-- Exercise --
Return the lines below that contain "sofa".

-- Excerpted data --
__________________________________________________
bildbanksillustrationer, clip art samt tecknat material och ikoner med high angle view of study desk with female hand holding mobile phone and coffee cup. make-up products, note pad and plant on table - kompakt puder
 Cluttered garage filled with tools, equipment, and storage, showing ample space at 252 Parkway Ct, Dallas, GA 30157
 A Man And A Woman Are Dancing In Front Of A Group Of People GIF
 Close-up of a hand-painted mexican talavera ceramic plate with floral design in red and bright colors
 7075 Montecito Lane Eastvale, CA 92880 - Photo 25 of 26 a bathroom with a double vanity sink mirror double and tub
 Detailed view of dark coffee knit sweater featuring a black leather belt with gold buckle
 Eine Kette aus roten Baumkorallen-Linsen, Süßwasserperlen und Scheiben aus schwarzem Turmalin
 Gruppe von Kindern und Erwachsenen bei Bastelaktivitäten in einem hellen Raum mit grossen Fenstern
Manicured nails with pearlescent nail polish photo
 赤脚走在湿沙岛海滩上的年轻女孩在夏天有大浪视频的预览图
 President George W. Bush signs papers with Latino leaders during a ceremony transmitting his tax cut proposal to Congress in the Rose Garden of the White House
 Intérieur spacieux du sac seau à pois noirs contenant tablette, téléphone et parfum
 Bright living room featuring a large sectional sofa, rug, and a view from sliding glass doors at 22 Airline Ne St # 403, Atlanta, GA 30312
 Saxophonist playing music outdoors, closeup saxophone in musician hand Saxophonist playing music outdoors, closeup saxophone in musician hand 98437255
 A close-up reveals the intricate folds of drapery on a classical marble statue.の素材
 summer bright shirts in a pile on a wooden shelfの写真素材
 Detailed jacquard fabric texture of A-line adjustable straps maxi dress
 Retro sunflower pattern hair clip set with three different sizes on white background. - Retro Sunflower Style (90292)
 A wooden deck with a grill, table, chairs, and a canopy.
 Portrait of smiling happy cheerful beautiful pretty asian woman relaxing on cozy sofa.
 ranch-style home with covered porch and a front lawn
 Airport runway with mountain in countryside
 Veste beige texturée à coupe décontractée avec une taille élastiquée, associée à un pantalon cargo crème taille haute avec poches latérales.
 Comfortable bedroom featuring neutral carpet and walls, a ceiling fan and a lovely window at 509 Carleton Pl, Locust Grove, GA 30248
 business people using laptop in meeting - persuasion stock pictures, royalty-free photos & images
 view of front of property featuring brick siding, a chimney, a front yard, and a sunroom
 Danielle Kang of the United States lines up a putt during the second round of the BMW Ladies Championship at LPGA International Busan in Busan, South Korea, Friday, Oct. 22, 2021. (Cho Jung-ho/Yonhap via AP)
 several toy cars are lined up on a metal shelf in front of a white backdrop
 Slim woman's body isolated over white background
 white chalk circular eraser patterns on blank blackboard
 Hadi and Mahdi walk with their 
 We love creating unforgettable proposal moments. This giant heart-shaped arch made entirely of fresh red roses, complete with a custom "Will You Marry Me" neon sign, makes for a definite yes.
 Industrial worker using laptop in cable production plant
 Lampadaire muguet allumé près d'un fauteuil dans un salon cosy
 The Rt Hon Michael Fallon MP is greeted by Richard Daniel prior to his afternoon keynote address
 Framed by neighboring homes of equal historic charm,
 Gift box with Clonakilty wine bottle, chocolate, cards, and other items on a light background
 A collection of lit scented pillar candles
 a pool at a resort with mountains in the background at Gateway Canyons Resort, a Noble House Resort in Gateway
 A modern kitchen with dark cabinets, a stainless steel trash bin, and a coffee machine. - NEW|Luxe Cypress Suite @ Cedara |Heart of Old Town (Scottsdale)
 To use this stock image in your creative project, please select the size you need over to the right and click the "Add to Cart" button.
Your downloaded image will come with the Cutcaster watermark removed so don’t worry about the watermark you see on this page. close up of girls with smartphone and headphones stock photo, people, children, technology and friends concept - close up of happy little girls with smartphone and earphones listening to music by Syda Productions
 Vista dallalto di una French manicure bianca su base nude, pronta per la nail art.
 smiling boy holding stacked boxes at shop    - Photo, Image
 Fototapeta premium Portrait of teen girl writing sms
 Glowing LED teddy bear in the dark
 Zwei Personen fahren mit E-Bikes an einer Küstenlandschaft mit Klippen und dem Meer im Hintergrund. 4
__________________________________________________
-- Finished task --
 Bright living room featuring a large sectional sofa, rug, and a view from sliding glass doors at 22 Airline Ne St # 403, Atlanta, GA 30312
 Portrait of smiling happy cheerful beautiful pretty asian woman relaxing on cozy sofa.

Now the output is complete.